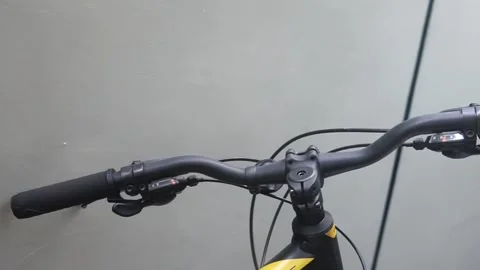 Close-up of a bicycle handlebar featuring a striking yellow and black grip, show Video stock 301582501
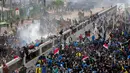 Mahasiswa berlarian saat polisi menembakkan gas air mata dalam demonstrasi menolak pengesahan RUU KUHP dan revisi UU KPK di depan Gedung DPR, Jakarta, Selasa (24/9/2019). Polisi menyemprotkan air ke arah mahasiswa karena menolak untuk dibubarkan. (Liputan6.com/Faizal Fanani)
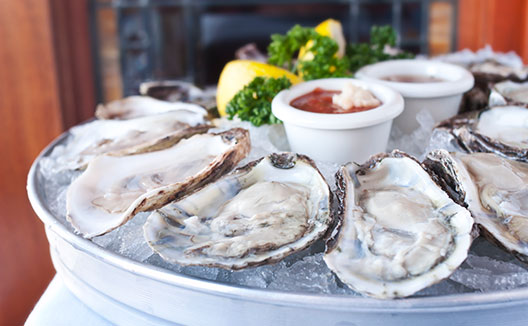 Platter of raw oysters on the half shell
◆ ◆ ◆ ◆
PROBLEM TO WORK ON –
Exactly as written, restate the lines from the one that contains "Mahasiswa berlarian saat" through the final line of the data, both ends included, but leave out the pictures.

ANSWER FOR THE TASK –
 Mahasiswa berlarian saat polisi menembakkan gas air mata dalam demonstrasi menolak pengesahan RUU KUHP dan revisi UU KPK di depan Gedung DPR, Jakarta, Selasa (24/9/2019). Polisi menyemprotkan air ke arah mahasiswa karena menolak untuk dibubarkan. (Liputan6.com/Faizal Fanani)
 Platter of raw oysters on the half shell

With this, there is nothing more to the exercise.